Was muss ein Kaffeevollautomat für euch unbedingt können? Verratet es uns in den Kommentaren.
Kommentare
Norbert 24. Mai 2020 um 11:01
HI,
es wäre im Testbericht nicht ganz unwichtig, dass die Trestertabletten immer wieder keine Konsistenz haben ( als nur Bröckchen). Dass die Brühgruppe oben jede Menge Kaffeereste hinterlässt, das dann auch schimmelt, wenn man nicht nach oben mit den Fingern reinlangt und den Dreck rausholt. auch dass der Kaffee neben dem Auffangbehälter ziemlich viel werden kann ist nicht gerade sehr hygienisch.
Einschicken bei Problemen funktioniert reibungslos, ist aber ziemlich sinnlos, da die Maschine nach ein paar Tagen wieder denselben Stand hat. Auch der Reparaturservice gehört m. E. zu einem Test. Summa sumarum für mich keine Empfehlung, da eine Maschine, die Schimmelbildung, trotz konsequenter Reinigung lt. Beschreibung Bauart bedingt fördert, nichts in einer Küche zu suchen hat! Entkalkung ist ja auch ein bekanntes Problem.
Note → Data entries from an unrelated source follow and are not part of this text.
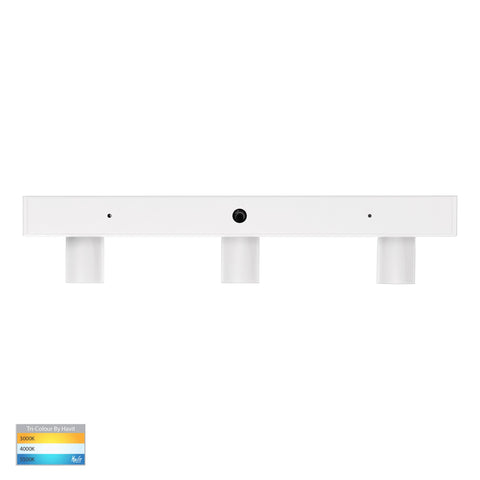 Revo White 3 Light TRI Colour Bar Light - HV4002T-3-WHT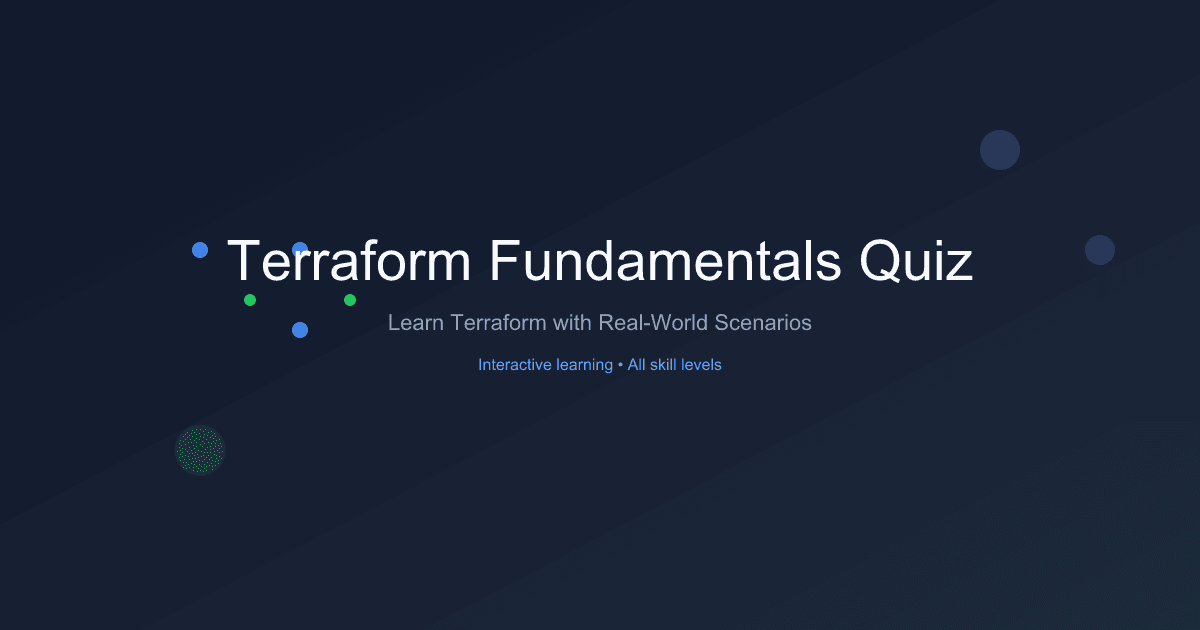 Terraform Fundamentals Quiz
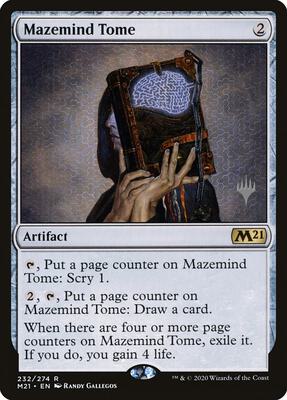 Mazemind Tome card from Promo Pack: Core Set 2021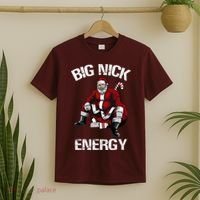 Big Nick Energy Funny Santa Christmas T-Shirt thumb 2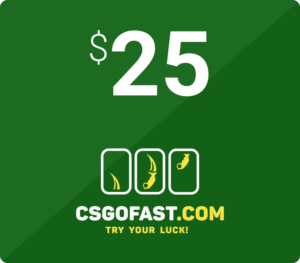 CSGOFAST 25 Fast Coins Gift Card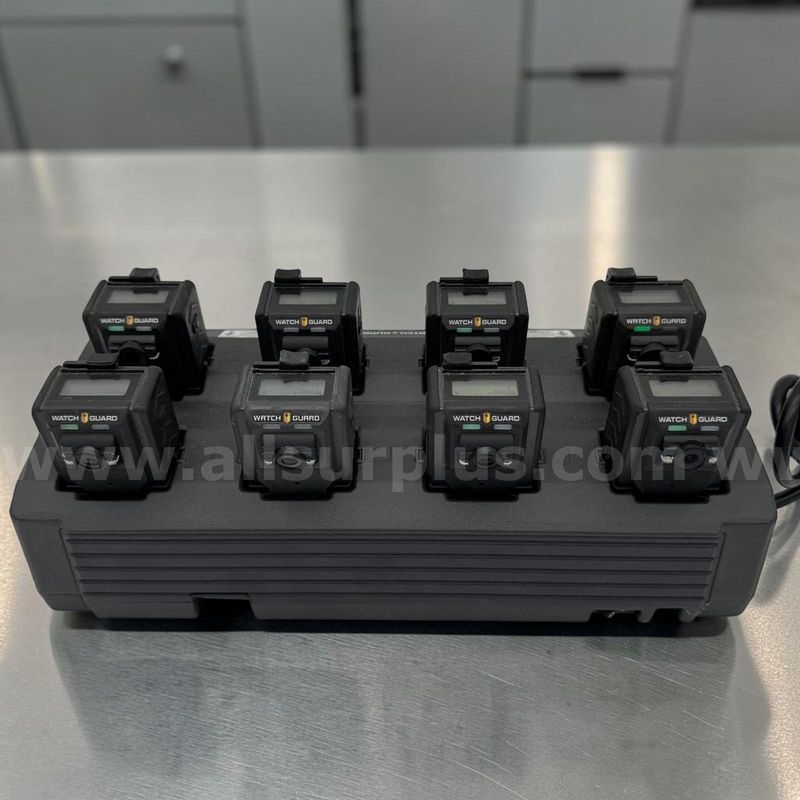 (8) WatchGuard VISTA Body Cameras with 8-Bay Charging/Docking Station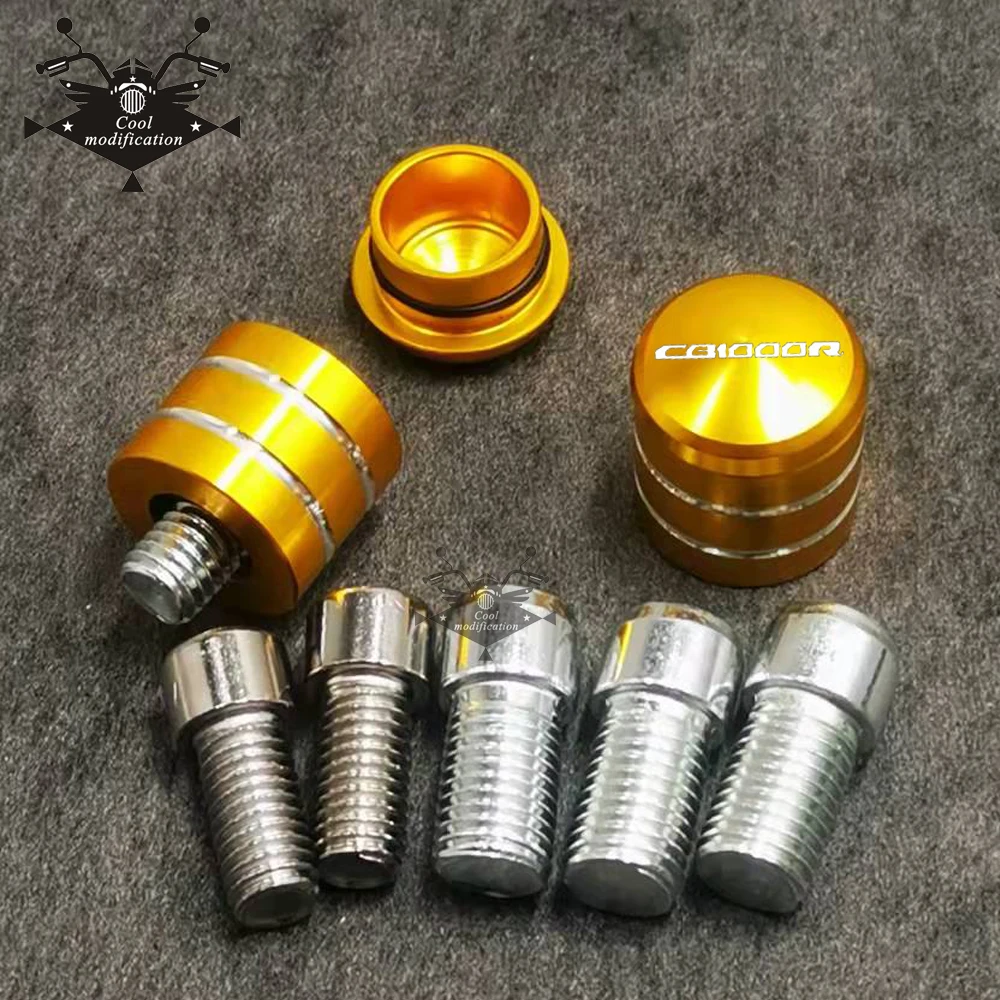

For Honda CB1000R CB 1000R CB1000 R Motorcycle CNC Aluminum Rear View Handlebar Mirror Bolt Screws Mount Adapter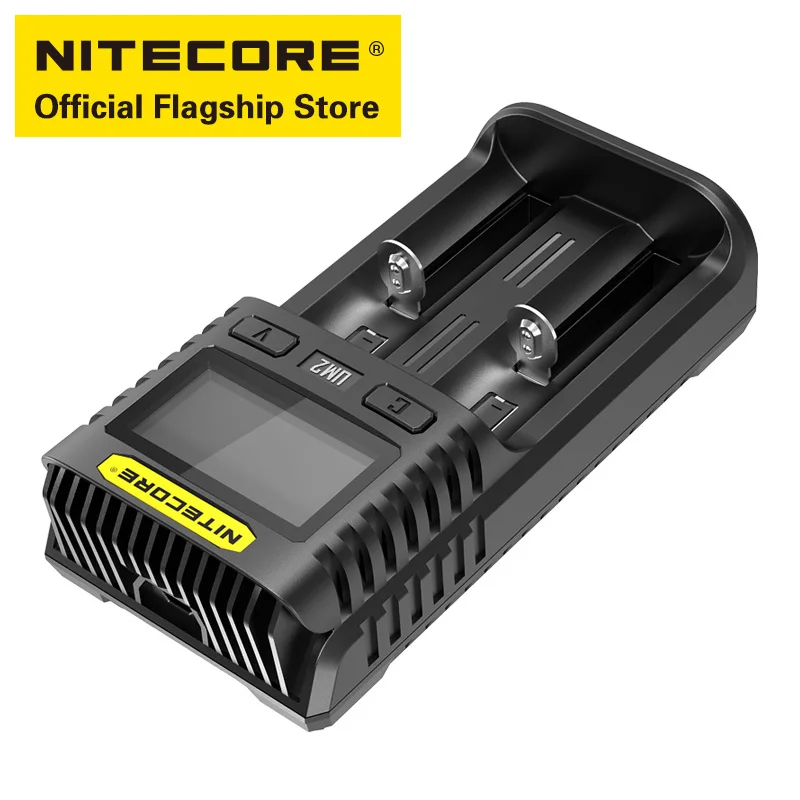Интеллектуальный ЖК дисплей NITECORE UM2 с двумя слотами автоматически активирует и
Arne Preuß 9. Juni 2020 um 11:44
Hallo Norbert,
danke für deinen Kommentar und deinen kleinen Erfahrungsbericht zum Tchibo Esperto. Die Konsistenz der Kaffeepucks sind nicht ganz so wichtig. Hauptsache der Kaffee schmeckt. Jedoch ist das mit dem Kaffeepulver überall echt nicht gut! Ich konnte dieses Problem in unserem Test nicht feststellen, das kann ja aber auch erst nach einer Weile auftreten. Beste Grüße Arne
Mathis 29. Dezember 2020 um 18:34
Hallo,
zuvor hatte ich, für meine relativ kleine Küche, eine ena micro. Ende 2018 habe ich mich dann für die Esperto Caffe entschieden. Dazu bekam ich zum Launch zwei Tüten Tchibo Barista Bohnen und das Gerät mit Bohnen und dem Induktions- Aufschäumer. Er hielt btw zwei Wochen.
Ausschlaggebend war für mich schlichtweg die Gerätegröße. Ich persönlich trinke maximal 4 Kaffee am Tag. Bevor ich das Gerät kaufte hatte ich mich bei Tchibo informiert, den Kaffee probiert. Daheim habe ich zudem eine isomac Siebträgermaschine.
Um es kurz zu machen:
Ohne die „intense“ Funktion ist der Kaffee aus der Esperto Caffe nicht gut.
Bestätigen kann ich dass sich in der Maschine zum Teil durch bauartbedingt- verwinkelte „Löcher“ sehr viel Kaffeesatz sammelt. Ohne ein feuchtes Tuch und sehr viel Fingerfertigkeit ist die Maschine nur sehr schwer ordentlich zu reinigen.
Ich kann das Gerät nicht empfehlen und würde ich der Preisklasse eher zu einer Magnifica S raten. Der Kaffee aus der Esperto Caffe ist in Ordnung, das Design „nice“. Leider keine Kaufempfehlung!